American baseball player (born 1979)

Carlton Tyrell Godwin (born July 10, 1979) is an American former professional baseball outfielder. He played in Major League Baseball (MLB) for the Washington Nationals.

==College career==
Godwin played both football and baseball at East Bladen High School, and collegiately while attending the University of North Carolina at Chapel Hill on the Morehead Scholarship.

===Football===
Godwin played primarily on special teams during the 1997 and 1998 seasons, leading the Atlantic Coast Conference with a 27.8 kickoff return average in 1998 and setting a school record with a 100-yard kickoff return for a touchdown against Stanford on September 19, 1998. Godwin did not play football for the Tar Heels after the 1998 season, deciding instead to concentrate on baseball.

===Baseball===
Godwin played 3 years of baseball for the Tar Heels, batting .337 in 1998, .371 in 1999 and .363 in 2000. Godwin was a third team All-American in 2000.

==Professional career==
Godwin was drafted by the New York Yankees (in 1997) and the Texas Rangers (in 2000) but did not sign with either team.
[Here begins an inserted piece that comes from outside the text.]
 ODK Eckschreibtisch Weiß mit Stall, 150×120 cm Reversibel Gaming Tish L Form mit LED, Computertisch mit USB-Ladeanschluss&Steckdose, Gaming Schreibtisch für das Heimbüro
He eventually signed with the Toronto Blue Jays after being drafted in the 3rd round (91st overall) of the 2001 amateur draft. He played in the Blue Jays' minor league system for four years before the Washington Nationals selected him in the rule 5 draft.

Godwin played in three games for the Nationals during the 2005 season, wearing #1. He continued to play in the minor leagues until 2007.